Man-seob begs Peter to return to Seoul immediately after noticing the danger in the air. However, Peter ignores him and starts filming with his news camera with the assistance of Jae-Sik, a university student, and HWANG, a taxi driver from Gwangju.

As time passes, the situation becomes more serious, and Man-seob doesn’t remember his minor daughter, who is alone at home.

14. Taegukgi (2004)

  • Box Office: US$76.3 million
  • Director: Je-kyu Kang
  • Cast: Jang Dong-Gun, Won Bin, Eun-ju Lee, Hyeong-jin Kong, Ahn Kil-Kang, Yeong-ran Lee, and Jin Jung
  • IMDb Ratings: 8/10
  • Running Time: 2hr 20m

A poor but joyful family was formed in 1950 in South Korea by shoe shiner Jin-tae Lee, his 18-year-old student brother, Jin-Seok Lee, and their mother, Jin-fiancée tae’s Three-shin Kim, and her young sisters.

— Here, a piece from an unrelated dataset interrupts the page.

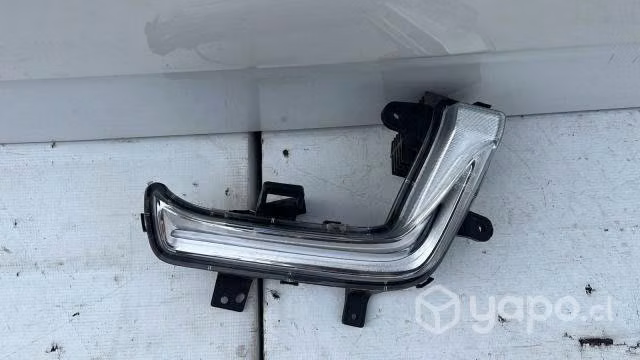 Neblinero izquierdo chevrolet tracker (20-23)
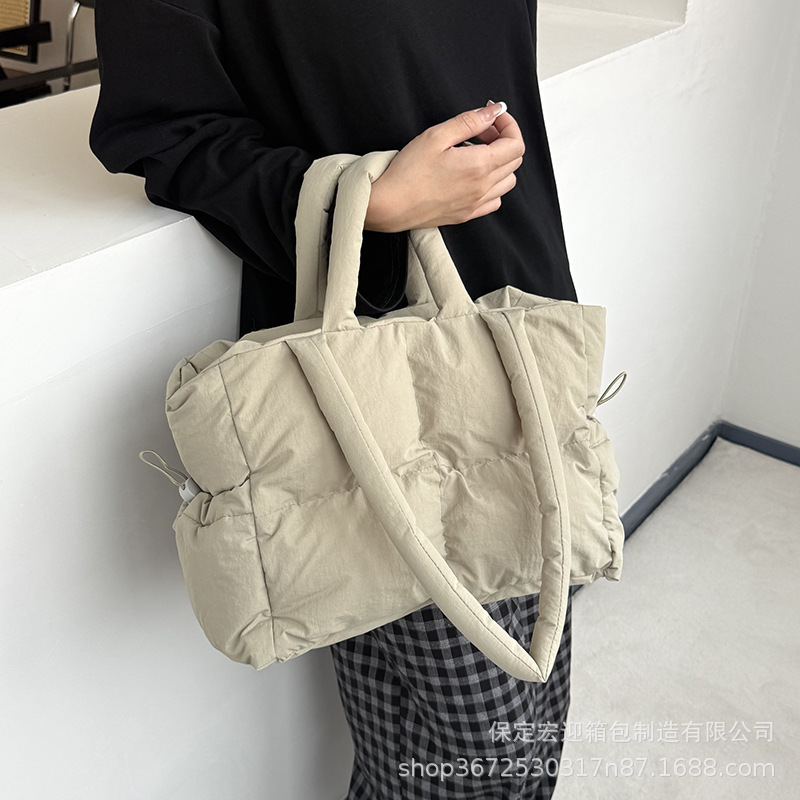 跨境2025新款潮腋下单肩包休闲大容量棉服包包女手提云朵托特包包|undefined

Being hard workers, Jin-Tae and his mother give up their time to pay for Jin-tuition seok’s to the university.

The family flees to a relative’s home in the countryside when North Korea invades, but on the way, Jin-Seok is to enlist in the army and fight at the front.

However, Jin-tae does as well to guard his younger brother. As a result of the commander’s assurance that he will free his brother if Jin-tae receives a medal, Jin-the gains the reputation as the company’s bravest soldier.

The connection between Jin-Seok and his older brother deteriorates throughout the brutal struggle between the brothers, culminating in a shocking and sad conclusion.

15. Train to Busan (2016)

  • Box Office: $98.5 million
  • Director: Sang-ho Yeon
  • Cast: Goog Yoo, Jung Yu-mi, Ma Dong-seok, Su-an Kim, Kim Eui-sung, Choi Woo-sik, and Sohee
  • IMDb Ratings: 7.6/10
  • Running Time: 1hr 58m

Seok-woo, a divorced investment manager, resides in Seoul with his mother, Soo-an, and daughter. Soo-an misses her mother, who lives in Busan, because Seok-woo, a greedy man, ignores her.

Seok-woo goes with Soo-an when she requests to visit her mother for her birthday and plans to return after lunch. They board the KTX, a quick train, but a sick woman also occupies another car.

The woman assaults a train staff member during the trip, and soon after, all of the people in the vehicle are attacked and transformed into zombies.

When Seok-woo learns that South Korea is experiencing a zombie outbreak, he works with fellow passenger Sang-Hwa—traveling with his pregnant wife Seong-kyeong—to separate the healthy front cars from the diseased ones.

The travelers who are not infected must battle zombies and the selfishness of other passengers along the way.